Josiah Yiu (JY): This past Saturday at the Duke invitational, we started the day with a really tough match-up against Notre Dame, who is currently ranked #2 in the country in men’s fencing. I kind of got off to a slow start, going 1-1 against their sabre team. I tried making adjustments to my game afterwards, and swept the Wayne State and Duke teams, going 3-0 against each school. I also went 2-1 against number one Penn State, losing a close bout 5-4 to one of their fencers. However, I’d say that the most important meet of the day was against North Carolina. I went 2-1 individually, and our team came out with the overall victory by winning 15-12, which is incredibly close. In meets like these, each individual victory is so important in determining which school wins, which is why I’d like to recognize the amazing effort of each of my teammates during the meet. If we had lost just 2 of those 15 bouts that we had won, we would have failed to beat UNC. This was the first time in program history where we have beat the Tar Heels back-to-back (we beat them two weeks ago at the Philly Invitational).

 

N-L: Including your impressive weekend campaign, you’re now 42-12 overall as a freshman. How do you manage to continuously dominate the opposition so early in your collegiate career?

JY: I think what has contributed to my fencing this year the most is my energy. I definitely wouldn’t be 42-12 this year if I weren’t always so fired up at tournaments. I’m constantly jumping up and down and yelling and pumping my fists, and it really helps me get into this mentality where I know I want the win more than my opponent does. Another significant factor is this routine that I do before each bout. I’m a Christian, and pretty religious, so before I fence I start off by praying for a few seconds. I then jump up and down twice, and kind of do this skip towards the center of the strip to test my equipment with my opponent, and then start the bout. I’m not sure how I came up with this routine, but somehow it prepares me and focuses me.

 

N-L: How would you describe your personal role on the team as well as the impact of all of the freshman?

JY: As of right now, my personal role on the sabre team would be that of an anchor I guess.
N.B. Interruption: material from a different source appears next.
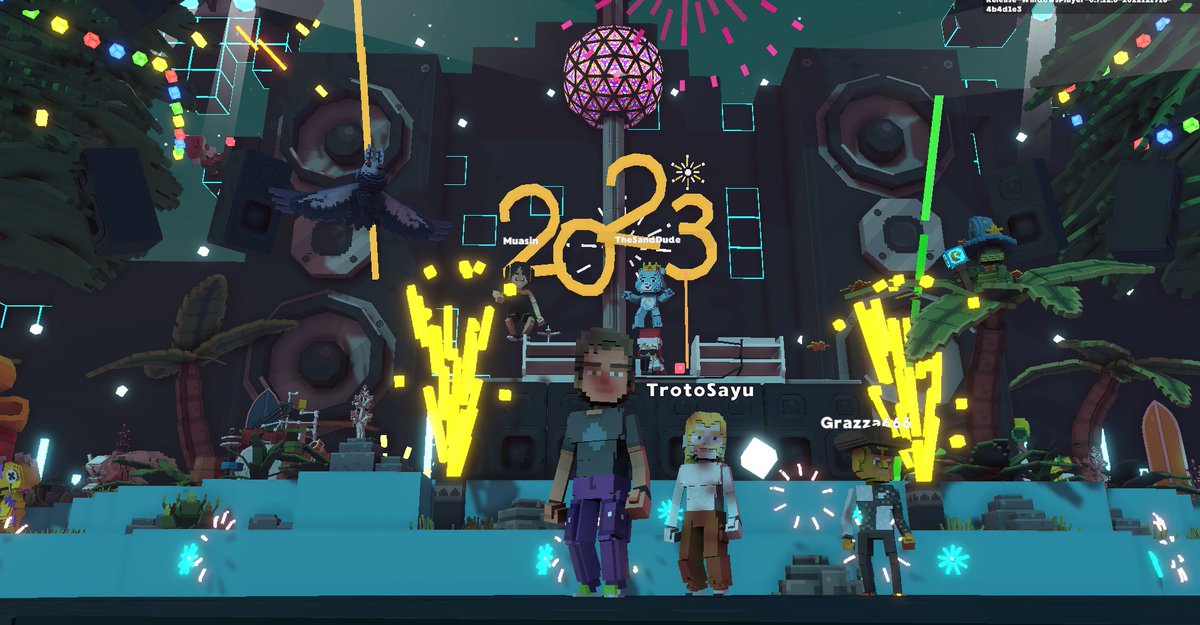 kakami1324's tweet photo. @TheSandboxGame @steveaoki @TheOfficialA7X @suecothechild @ParisHilton @deadmau5 @blond_ish Celebrating the end of the year in @TheSandboxGame Metaverse! ✨🎇 https://t.co/mz2V88XXEi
I usually fence the last bout of the meet against the other team’s best fencer, but I don’t think that my role is more important than any of my teammates’; all of our bouts have equal importance to me.

Another role that I have is that of a coach. Whenever I’m not fencing, I’m right next to the strip shouting advice, giving encouragement, or calling timeouts. Coaching is honestly my favorite thing to do, because I can relish in the fact that, win or lose, I was able to help my teammate in some way and be part of a team effort. It’s also an opportunity for me to continue to lose my voice while cheering (I haven’t been to a tournament where I haven’t lost my voice yelling/cheering/shouting in excitement).

As for the impact of the other freshman, I’d say that without them, there would be no JHU men’s fencing team. Without their talent and hard work, we probably wouldn’t have beaten as many schools as we have this year.

 

N-L: Again, for those of us that are new to the world of fencing, shed some light on the next round of competition, the MACFA Round Robin. How important is this to your season and what are your expectations going into it?

JY: The MACFA Round Robin, which will take place in the next couple weeks, is a very important tournament in determining whether or not Hopkins fencing will win its conference. So far this year, we’ve beaten all of the MACFA schools that we’ve fenced, so going into this tournament we have high hopes to go undefeated again.

 

N-L: Now that you’re moving past the invitational period of your season, is there anything that you’d like to change in the upcoming weeks? What have you learned so far and what, if any, adjustments do you intend to make?

JY: Now that we’ve moved past the invitational part of the season, I think what I’d like to change would be the intensity of our practices. I think this change will really help us as a team to be prepared for any schools that we will fence in the upcoming tournaments, and will help us secure yet another MACFA championship.